__PROBLEM TO SOLVE__.
Starting at the line that holds "Spinki do mankietów i", quote every line through the end of the records, both boundary lines included. Omit the pictures.

Saved data entries

────────────────────

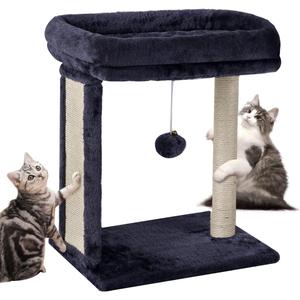 SYANDLVY Small Cat Tree with Scratching Board, Scratching Post with Perch for Indoor Cats, Cat Scratcher with 2 Dangling Balls, Great for Kittens (Smoky)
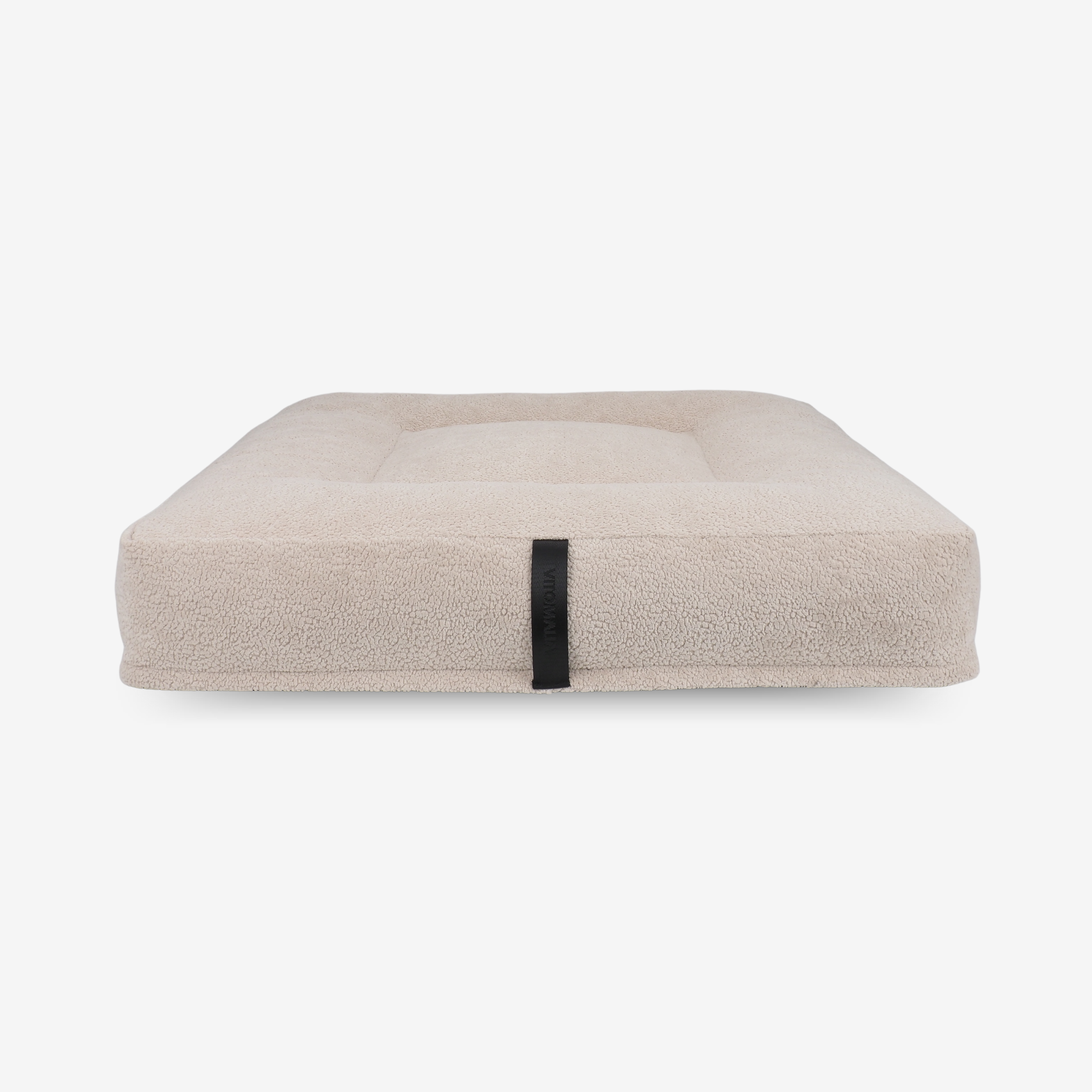 Cojín ergonómico cuadrado para perros - RePET Teddy en beige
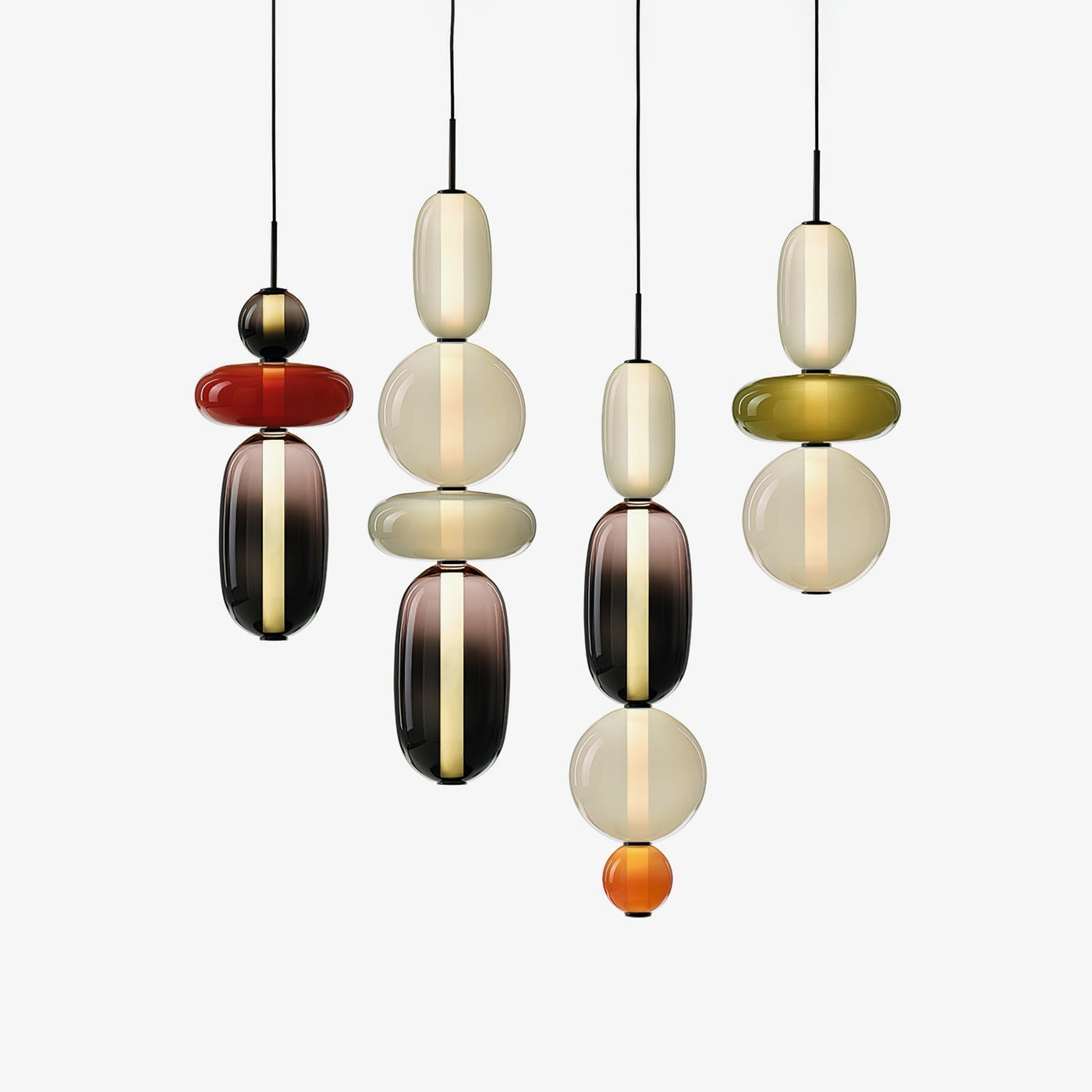 Colourful Pebble Glass Pendant Lamp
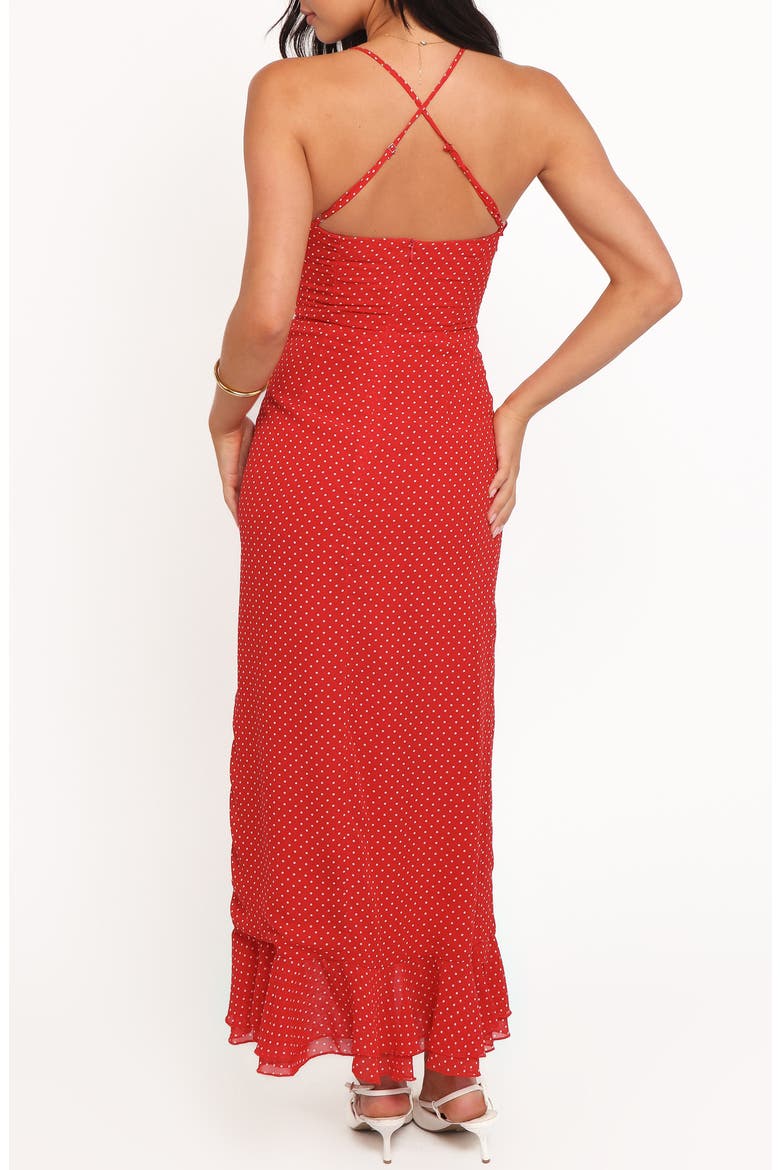 Judy Print Ruffle Maxi Dress, Alternate, color, RED POLKA DOT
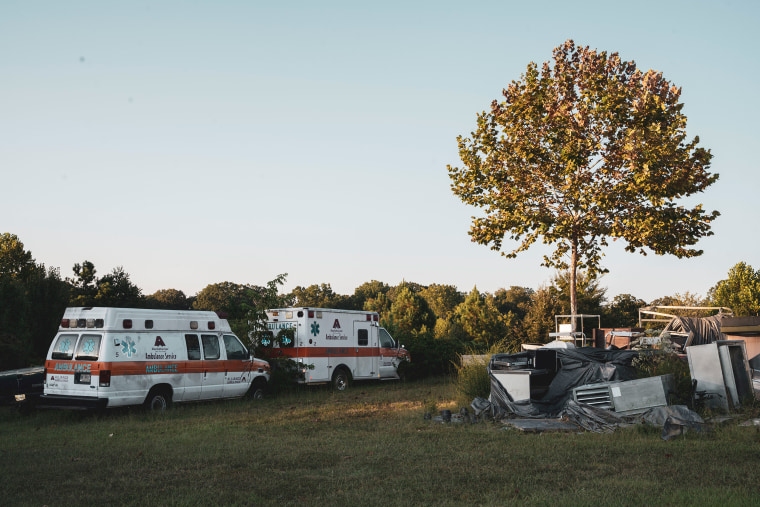 Ambulances outside the Alliance HealthCare System clinic in Holly Springs, Miss.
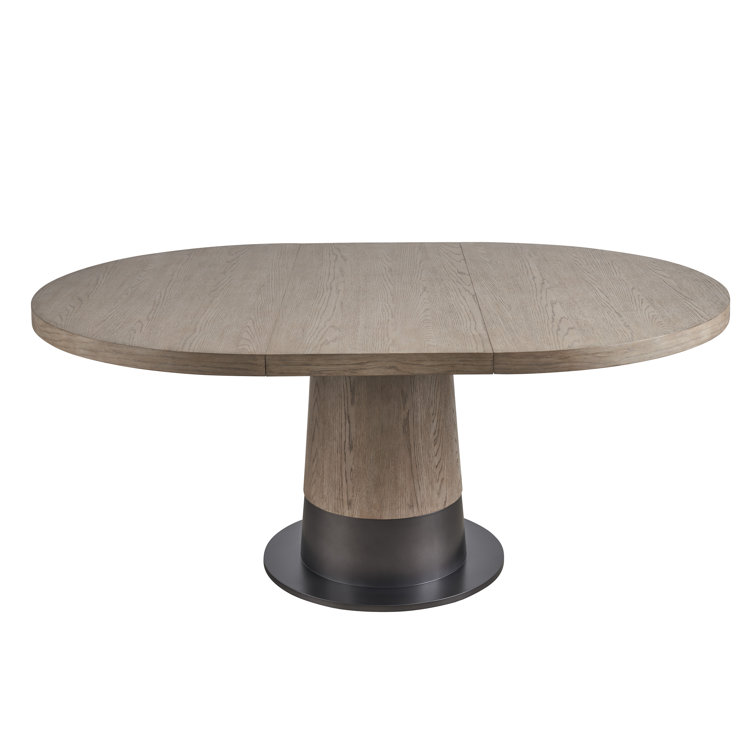 Gray Oak Extendable Round Mid-century Modern Dining Table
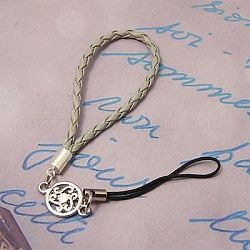 Tibetan Style Mobile Straps, with PU Leather Cord, Light Grey, 145mm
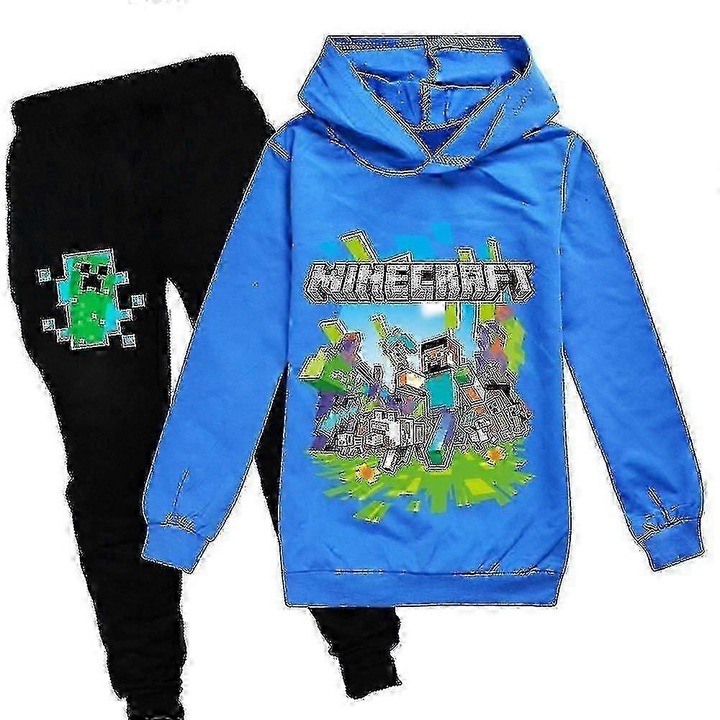 Set trening unisex copii, model Minecraft, gluga, pantaloni, albastru, bumbac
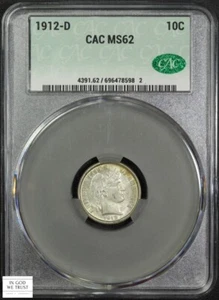 1912 D Barber Silver Dime 10C CACG MS 62 CAC - Picture 1 of 5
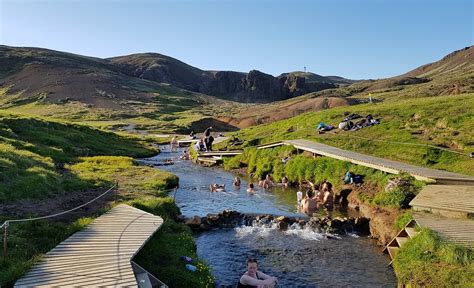 Reykjadalur hot springs. Reykjadalur Hot Springs. Rise and shine early to get a prime spot in one of the most popular hot springs near Reykjavik, the Reykjadalur Hot Springs. Just 45 minutes outside of downtown Reykjavik is a beautiful hike through a geothermally active, steam-filled valley. After 45 minutes of moderately difficult hiking, you’ll come across a ... 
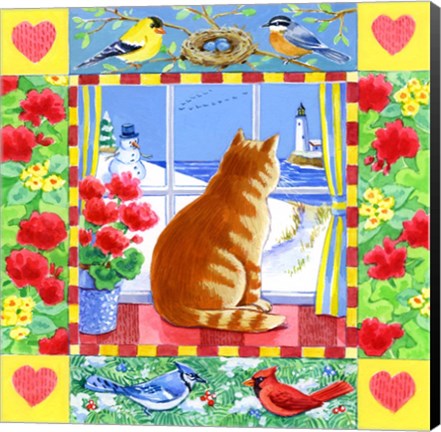 Framed Cat Winter View Print
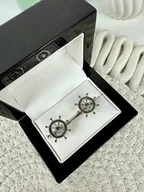 Spinki do mankietów i krawatów - SPINKI DO MANKIETÓW koszuli mankietu stery statek - miniaturka - grafika 1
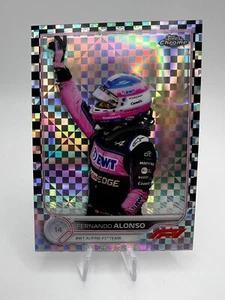 2022 Topps Chrome F1 #14 Fernando Alonso Black Checker Xfractor - Picture 1 of 2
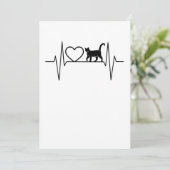Cat Heartbeat Einladung (Stehend Vorderseite)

────────────────────

__TASK SOLUTION__.
 Spinki do mankietów i krawatów - SPINKI DO MANKIETÓW koszuli mankietu stery statek - miniaturka - grafika 1
 2022 Topps Chrome F1 #14 Fernando Alonso Black Checker Xfractor - Picture 1 of 2
Cat Heartbeat Einladung (Stehend Vorderseite)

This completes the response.